• [Given data]

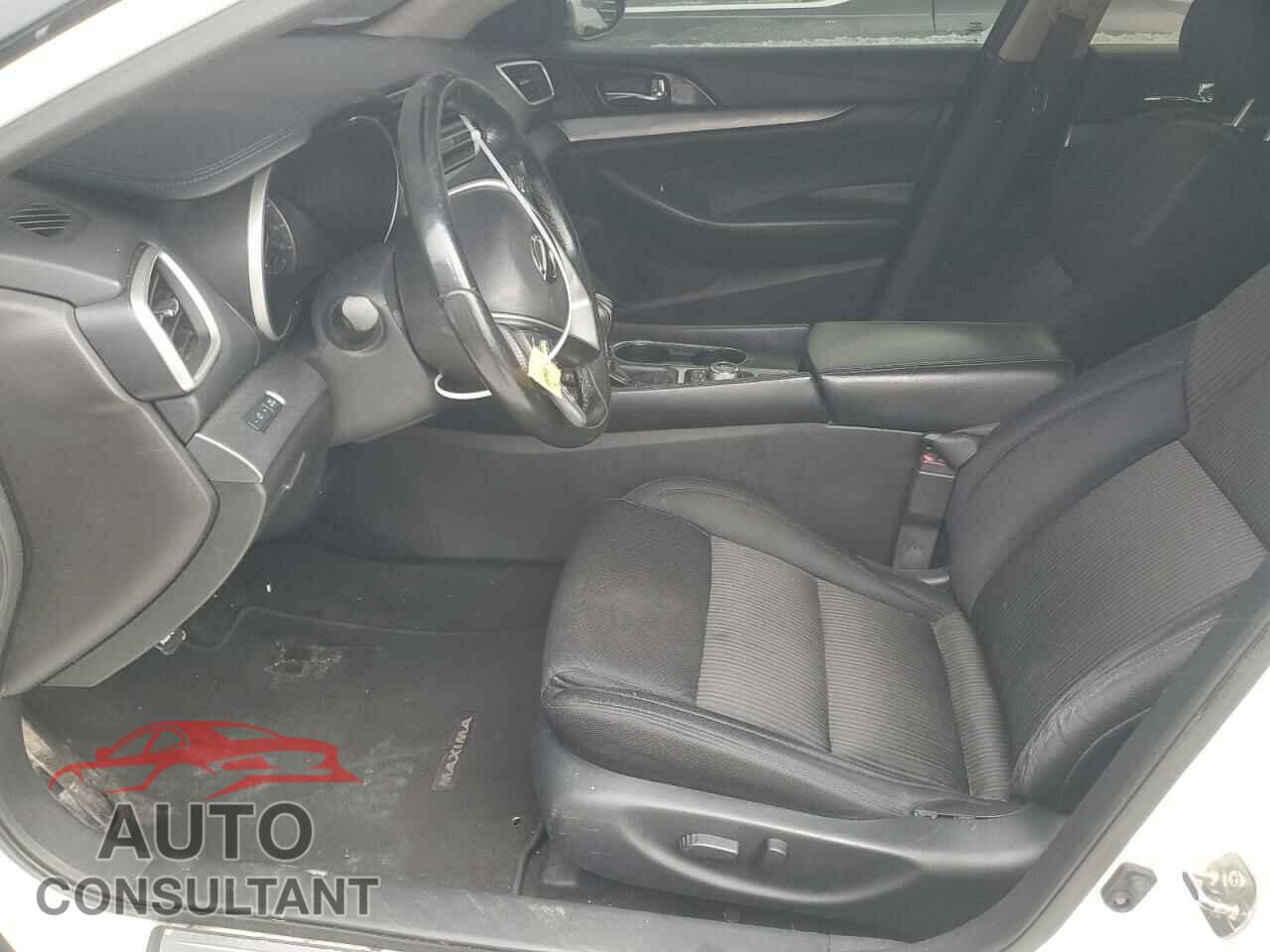 NISSAN MAXIMA 2017 - 1N4AA6AP2HC365764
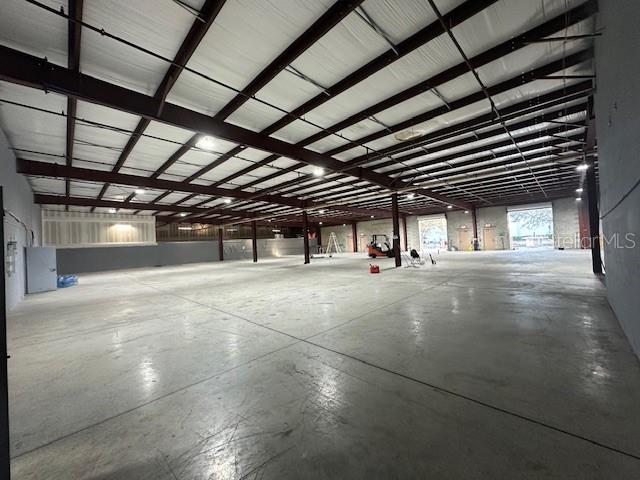 EDGEWATER NORTH COMMERCE PARK - Commercial Sale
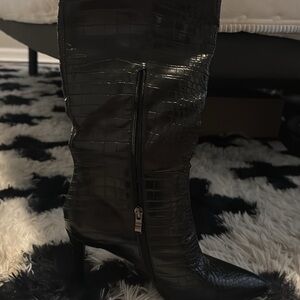 Elegant Black Croc-Embossed Women's Boots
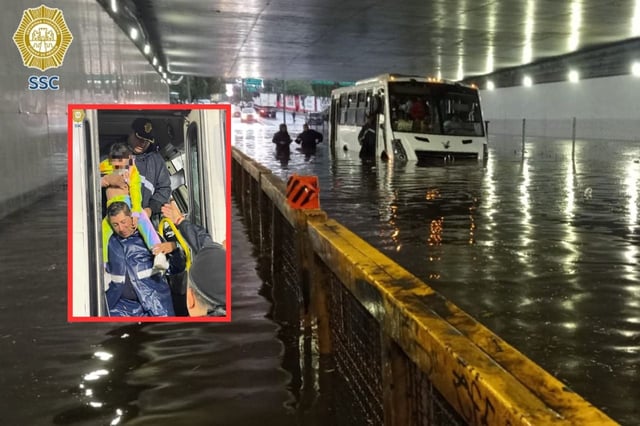 Pasajeros atrapados en un microbús debido a las fuertes lluvias en la Ciudad de México fueron rescatados por las autoridades. Fotos: Secretaría de Seguridad Ciudadana de la Ciudad de México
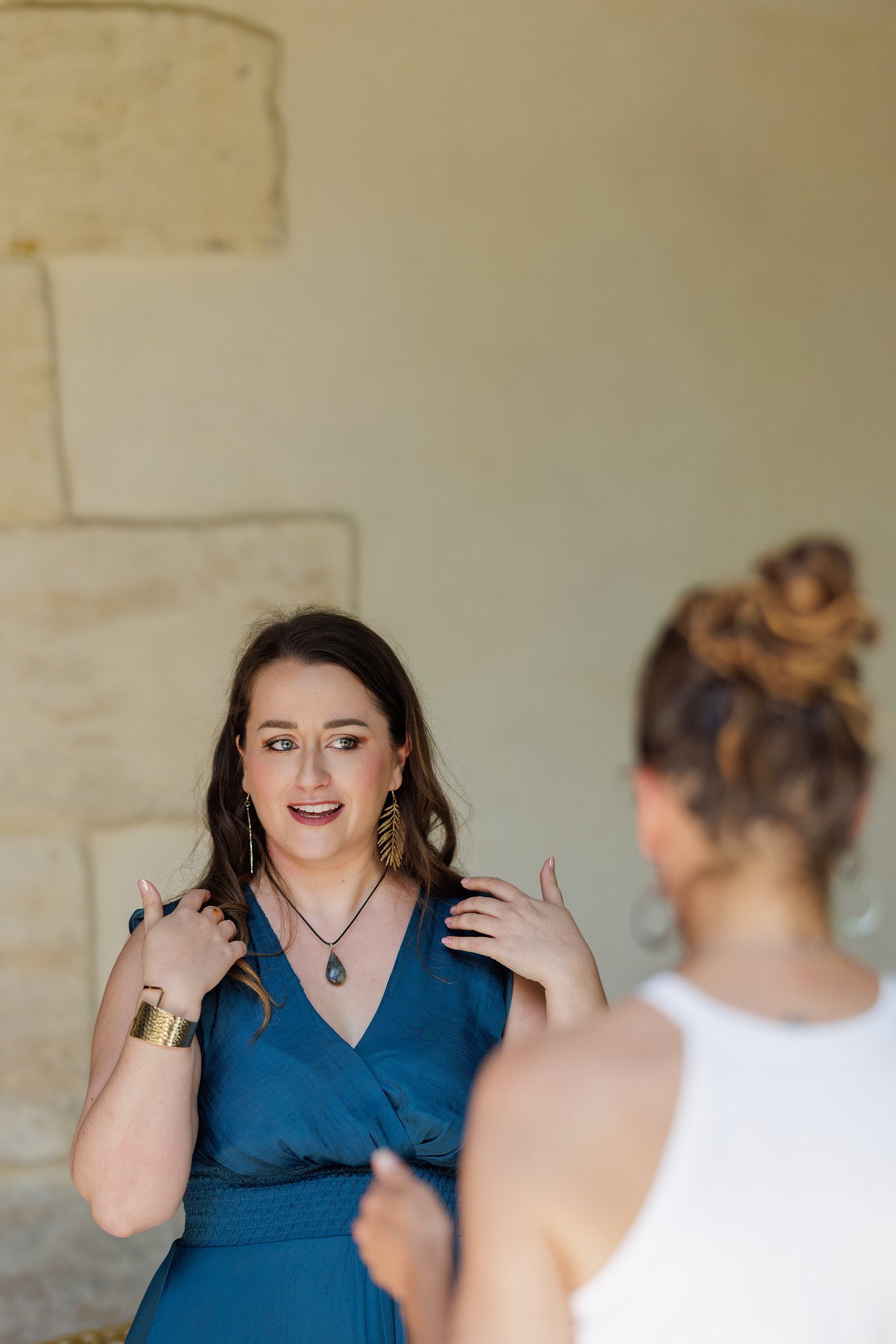 Laure-Hélène Bracoud explique le déroulé de l'accompagnement à une cliente, lors d'une séance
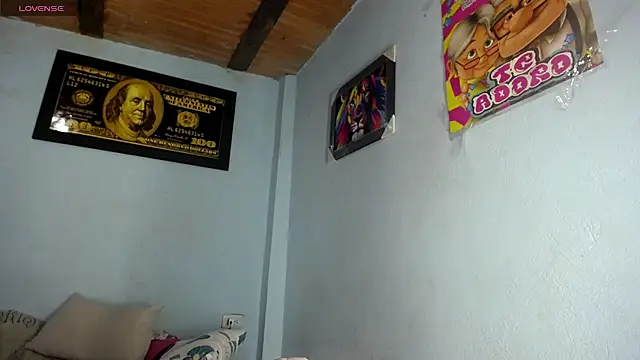 Snapshot of Emily_Hornys20 chatting on 05-30-26, 10:07 Emily Hornys20 online show from 05-30-26, 10:07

• [Problem]
Transcribe each entry exactly; images stay out.

• [Exercise output]
 NISSAN MAXIMA 2017 - 1N4AA6AP2HC365764
 EDGEWATER NORTH COMMERCE PARK - Commercial Sale
 Elegant Black Croc-Embossed Women's Boots
 Pasajeros atrapados en un microbús debido a las fuertes lluvias en la Ciudad de México fueron rescatados por las autoridades. Fotos: Secretaría de Seguridad Ciudadana de la Ciudad de México
 Laure-Hélène Bracoud explique le déroulé de l'accompagnement à une cliente, lors d'une séance
 Snapshot of Emily_Hornys20 chatting on 05-30-26, 10:07 Emily Hornys20 online show from 05-30-26, 10:07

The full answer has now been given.